"what are we suppose to be doing on a daily basis in Buddhism?"
I guess that's a legitimate question. And there's probably a legitimate answer.
What furrows my brow about this Google search is the suggestion (that I'm reading into it) of looking for answers or guidance outside of us. Like someone knows us better than we know or can know ourselves. I blanch at the idea that we're supposed to be doing anything, like we aren't what we think we are if we're not doing something sanctioned by someone else.
This has come up as an easy issue for me here in Taiwan where Buddhism is more conservative, dogmatic, authoritarian, and very much linked to Confucian Chinese culture. Easy issue because I don't buy it, never have. At a . . . "class" at a Chung Tai-affiliated . . . branch place, a nun admonished us, "To be a Buddhist you must be vegetarian, if you're not vegetarian, you're not Buddhist". Not that I care about being Buddhist or not, but I smiled and thought, "ok, I'm not Buddhist". Easy. Should I leave now?
And I would have thought the same thing even if I was vegetarian. I wouldn't have thought, with not a little bit of smug self-righteousness, "ah, I'm vegetarian. I belong here and she's speaking to me". Even if I was vegetarian, it was that dogmatic, authoritarian, patronizing tone that turned me off and brought out the snark in me.
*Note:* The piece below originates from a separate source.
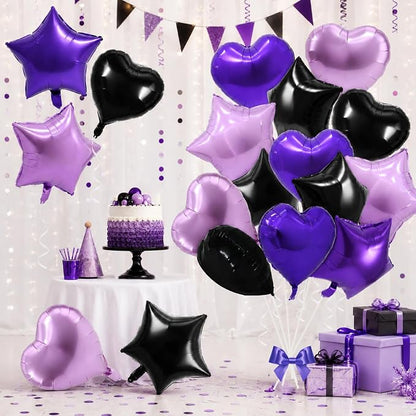 TONIFUL 18 Inch Black Purple Star and Heart Foil Balloons 18PCS Black Purple by TONIFUL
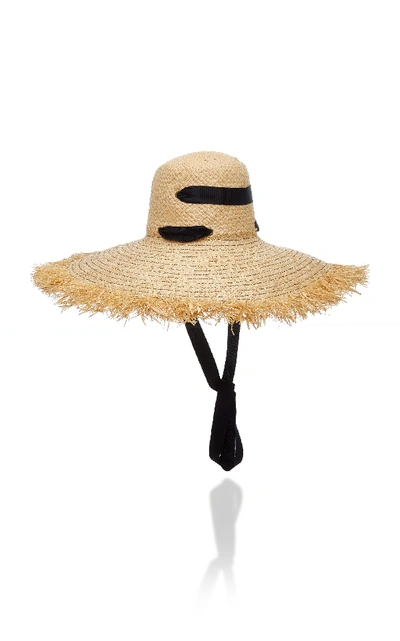 Shop Lola Hats Alpargatas Fringed Raffia Hat In Black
And it was a "class", not a Dharma Talk. They even called it a class. The nun was there to teach us something. It wasn't a "talk". Very Chinese, Confucian, paternalistic. And it was a Chung Tai branch, but it wasn't a practice center. No one spoke of practice. This wasn't my only experience with Chung Tai, and from my experience and what I've heard, they're pretty bogus. I gather they're maybe the equivalent of Christian televangelists in the U.S.?
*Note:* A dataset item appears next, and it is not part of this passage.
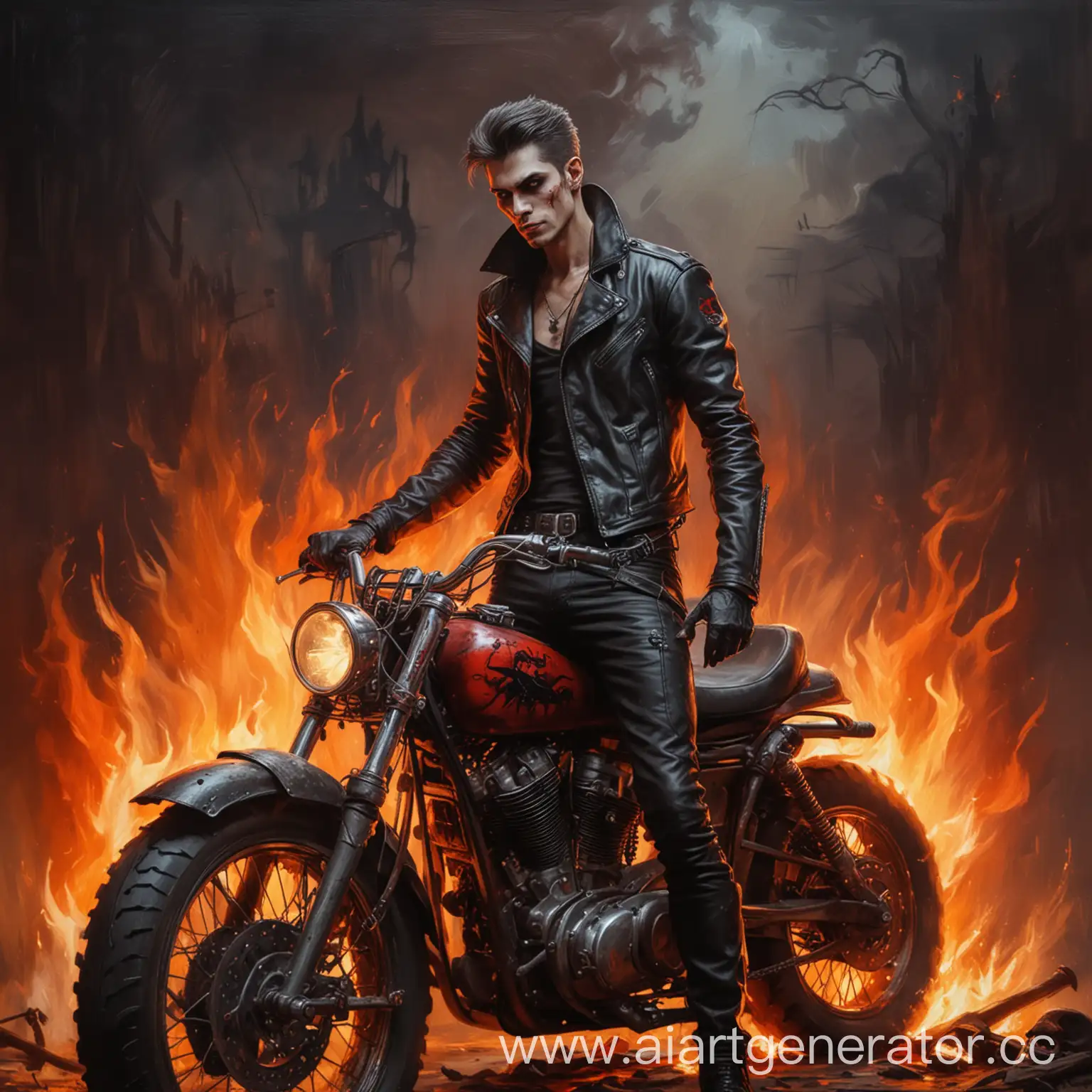 Oil painting, Skinny Biker, Vampire Hunter, Fire on the background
I thought about this today, too, because of ants.
I've always had ants in my apartment and until today I let them be. There weren't that many and their presence wasn't linked to any food source, so as far as I was concerned, they were out for a stroll. They weren't a problem until last night.
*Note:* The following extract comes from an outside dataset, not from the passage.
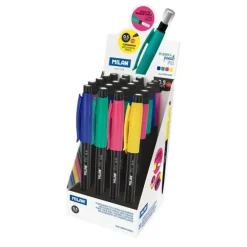 MILAN PL1 EXPOSITOR DE 20 PORTAMINAS - MINA 0.5MM HB GRAFITO - GOMA MILAN EXTRA LARGA - COLORES SURTIDOS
Funny how it works, I usually never get into bed without pulling back the covers and looking. I don't know what I expect to find, but in Taiwan you never know. Last night I didn't, and five minutes into falling asleep I felt something crawling on me. Suffice it to say, there were quite a few ants on my pillow and bed. This is the first time they ventured onto my bed, which is also why I've left them alone. I knew once they were in my bed, I would consider it a problem. I didn't freak out, but I killed them. It was a massacre. This morning they were still present and so I went out and got a Combat ant trap. They seem to be gone now. I killed them all.
I found myself asking, "Is it really cool for me to be killing things?" Then I was like, "Who am I asking?" What would that nun say? What would the main teacher at Dharma Drum Mountain monastery, who lived in solitude in the mountains and welcomed critters into his hermitage as friends, say? What would the Deer Park monks or Thich Nhat Hanh say? And how would I react if they told me what I did was wrong and bad, when I don't buy into black and white moralistic notions of wrong and bad?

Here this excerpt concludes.